╭──

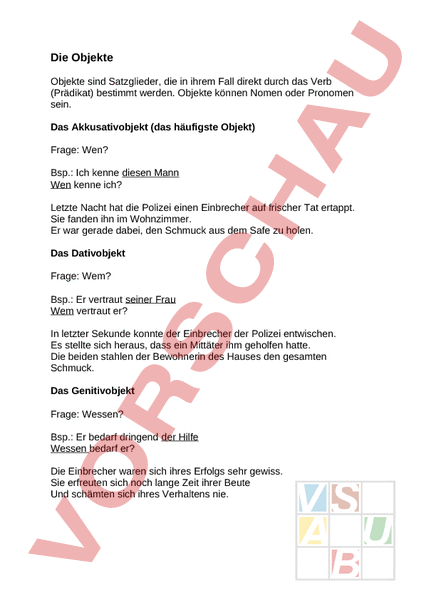 Arbeitsblatt: Übersicht über Objekte - Deutsch - Grammatik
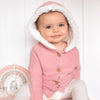 Fur Hood Knitted Cardigan - Rosewater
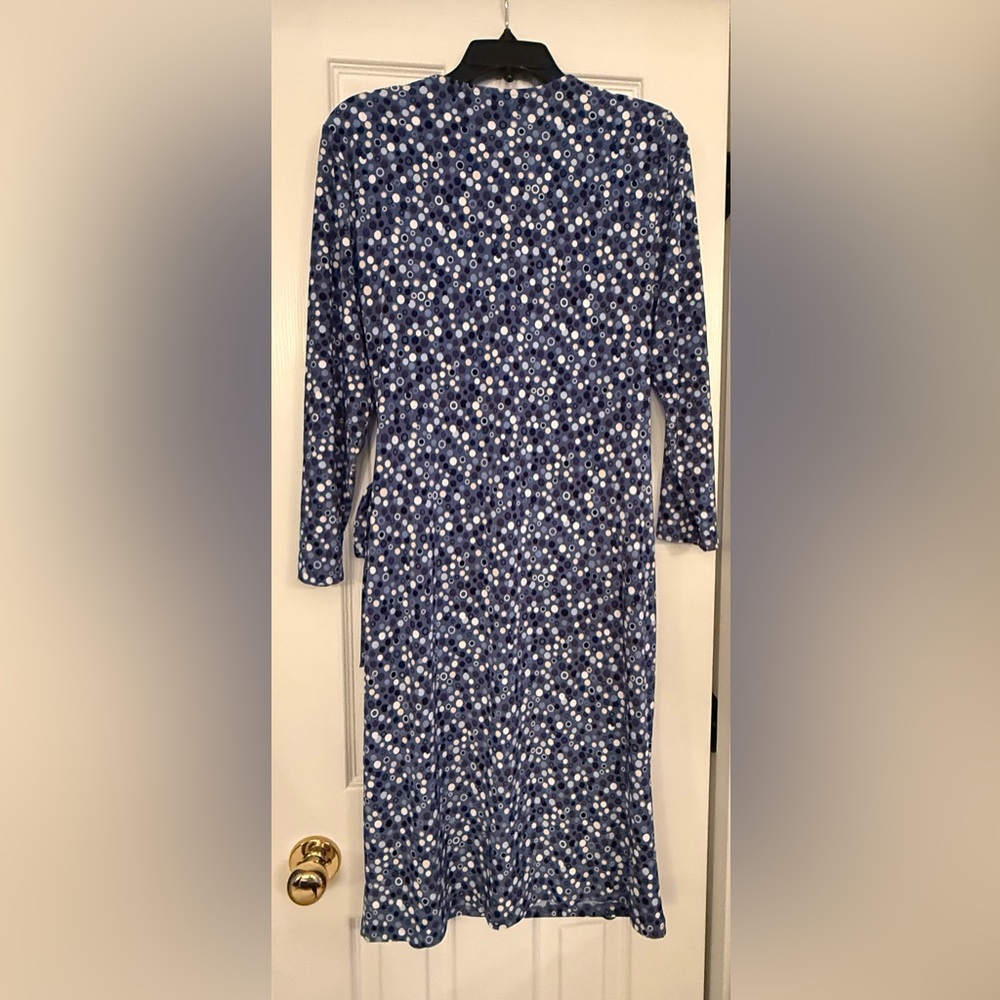 Anne Klein Blue Dot Print Wrap Style Dress - Picture 2 of 3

╰──

§ INSTRUCTIONS FOR THE TASK:
Reproduce exactly, and only, the lines from the one with "Fur Hood Knitted Cardigan - Rosewater" to the final line of the listing above; the pictures are to be left out.

§ EXERCISE RESPONSE:
 Fur Hood Knitted Cardigan - Rosewater
 Anne Klein Blue Dot Print Wrap Style Dress - Picture 2 of 3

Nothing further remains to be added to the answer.